Judge Pablo Ruz at Spain's National Assembly ruled on Thursday that there was a case to answer in court. He called for the arrest and extradition of seven of the accused and asked the Moroccan courts to find and notify the other four.
Victims cited in the ruling claimed they were beaten, burnt, electrocuted and sexually assaulted while held by Moroccan security forces. Relatives of others said their loved ones simply disappeared.
Citing testimonies from victims, their families and other witnesses, Ruz said there were "rational indications of criminality", upholding allegations by state prosecutors who want the 11 brought to trial.
"The deeds described in this ruling would constitute a crime of genocide," his ruling said.
Morocco took control of most of Western Sahara in November 1975 after Spain withdrew and fought a 16-year conflict against the Sahrawi pro-independence Polisario Front.
Repeated bids by UN mediators to hold a referendum on self-determination for the Sahrawis have since failed.
The judge said his investigation yielded evidence that between 1975 and 1991, "there was a generalised and systematic assault against the Sahrawi civil population by the Moroccan military and police".
Some of the victims still had Spanish national identity cards at the time despite the territory having come under Moroccan control.
- Beatings, sexual assault -
The accused include Abdelhafid Ben Hachem, who was the top Moroccan governor for Western Sahara until 1997.

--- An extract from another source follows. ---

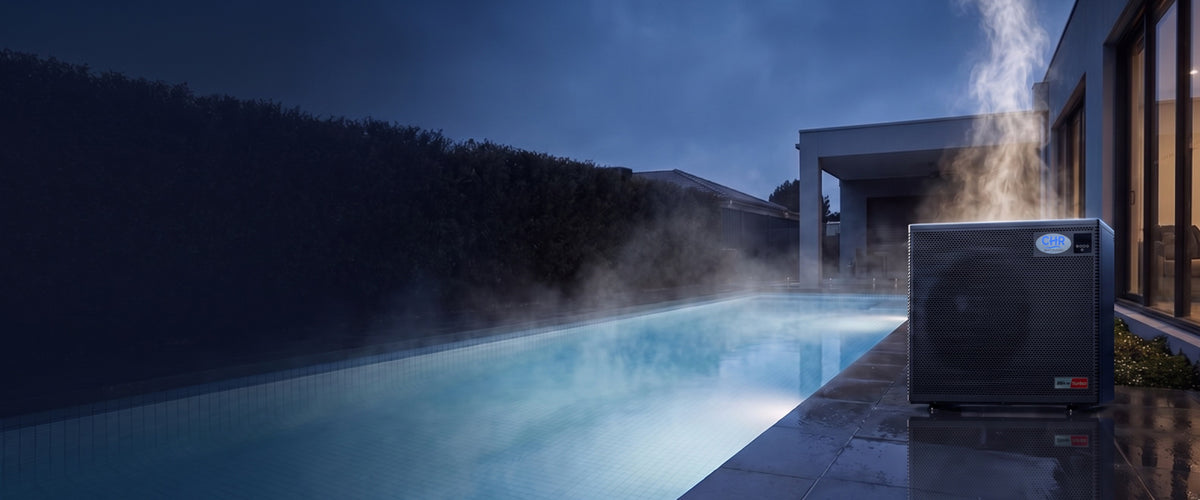 CHR 35kW single phase pool heat pump beside a steaming pool at dusk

Others include two colonels, Abdelhak Lemdaour and Driss Sbai, accused of overseeing torture by Moroccan military forces in the Smara region, in Western Sahara.
Among the victims cited in the report was Hadram Abderrahman, who was tortured for a month and half at the Smara barracks in 1975, when she was 25.
She said soldiers burst into her home while she was breastfeeding her baby daughter, snatched the child from her and dragged Abderrahman to the barracks where she was beaten and sexually assaulted.
Thursday's ruling was welcomed by human rights campaigners but neither the Spanish nor Moroccan governments had commented by Wednesday evening.
Western Sahara is a sensitive issue for relations between Madrid and Rabat, which have valuable economic ties.
As well as the alleged crimes by the 11 named suspects, the ruling listed other atrocities during the conflict of which it said the perpetrators were not known.
Among them was the dropping of napalm by Moroccan warplanes on a Sahrawi camp on February 20, 1976 which killed 39 people.
It likewise listed the killings in the Amgala region in February 1976 of eight Sahrawis whose remains were found in mass graves in 2013.
The suspects have several days to appeal Thursday's ruling.
The court investigation was launched in 2007 by former human rights judge Baltasar Garzon after rights groups brought a case alleging 500 Sahrawis had disappeared since 1975.